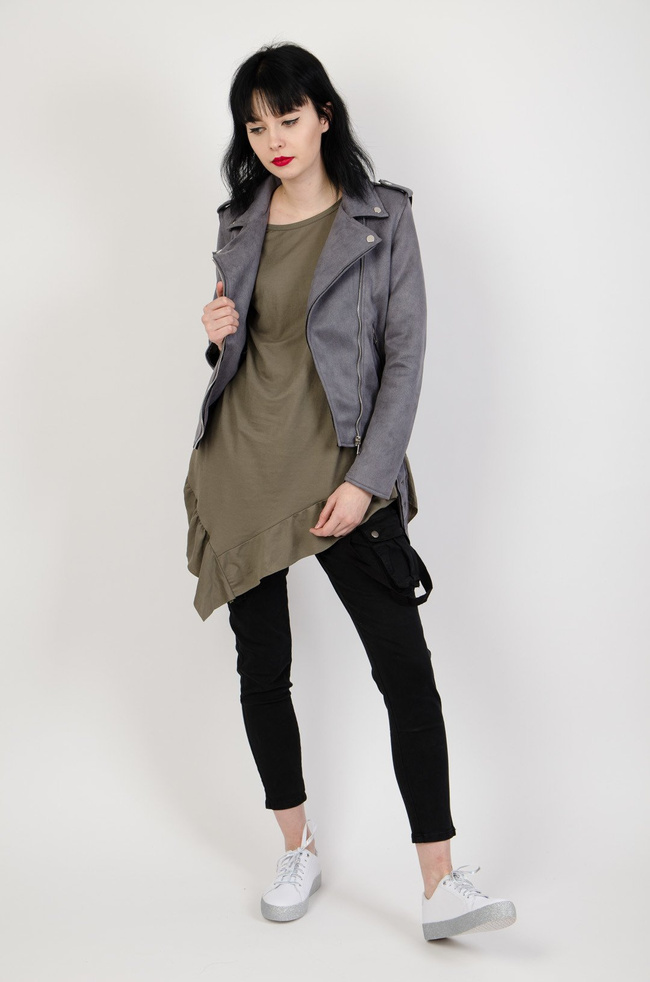 Szara zamszowa kurtka z paskiem na dole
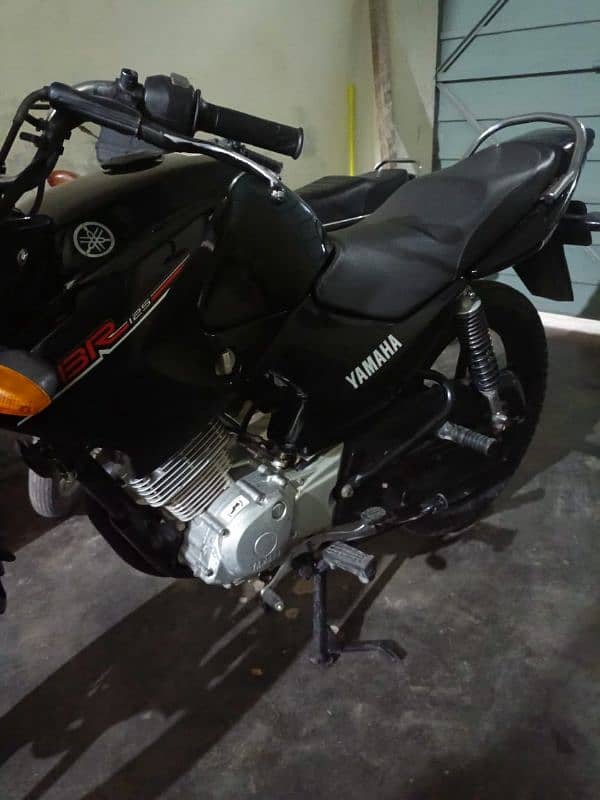 YBR 125 0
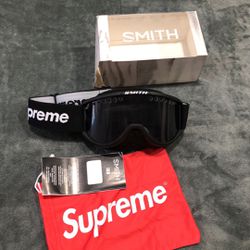 Black supreme goggles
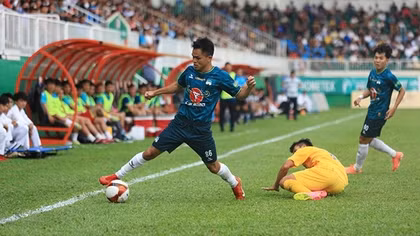 Cuộc đua trụ hạng V.League khó khăn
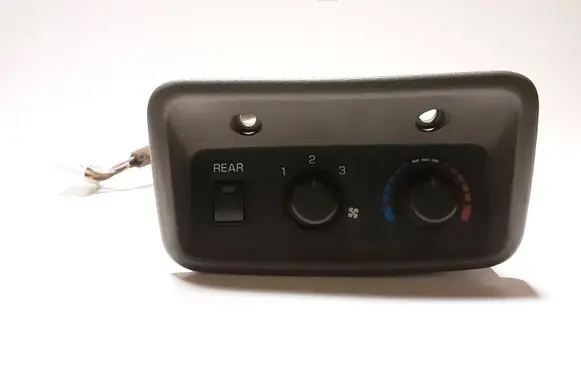 Mitsubishi Pajero Climate control unit MR500175 1464307953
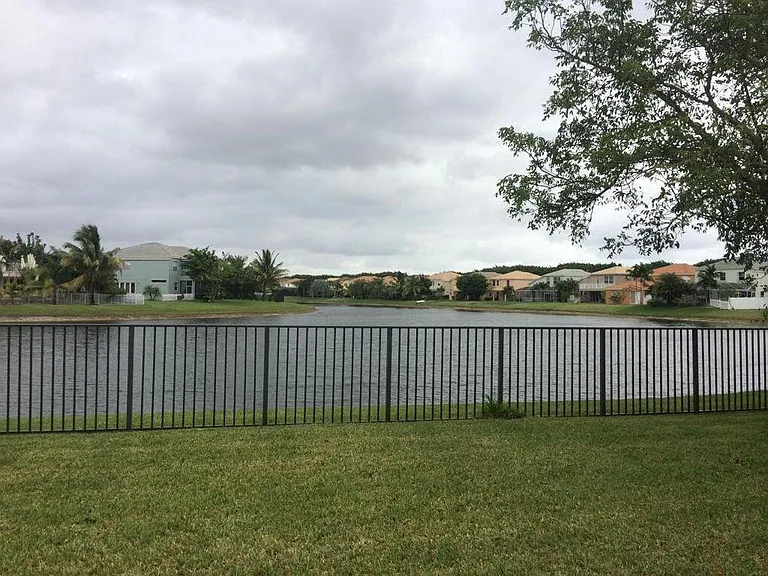 9015 Alexandra Cir — Photo 28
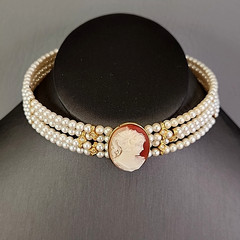 Vintage Cameo Collar Necklace Acrylic Faux Pearl Wired Four Row Expandable 11″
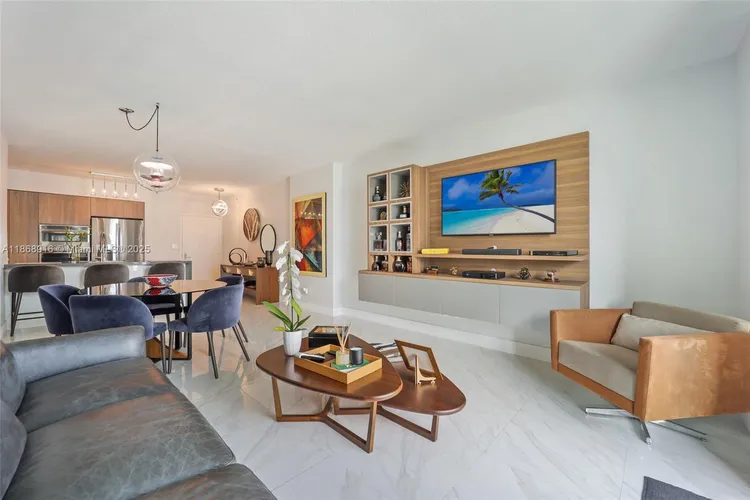 One Miami #2515 image #10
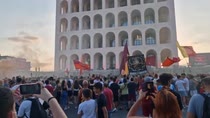 I tifosi della Roma si scaldano: cori in attesa di Dybala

WHAT IS NEEDED: Restate word for word the lines running from the one with "Cuộc đua trụ hạng V.League khó khăn" to the end of the entries; pictures are to be left out.

RESPONSE TO THIS EXERCISE:
 Cuộc đua trụ hạng V.League khó khăn
 Mitsubishi Pajero Climate control unit MR500175 1464307953
 9015 Alexandra Cir — Photo 28
 Vintage Cameo Collar Necklace Acrylic Faux Pearl Wired Four Row Expandable 11″
 One Miami #2515 image #10
 I tifosi della Roma si scaldano: cori in attesa di Dybala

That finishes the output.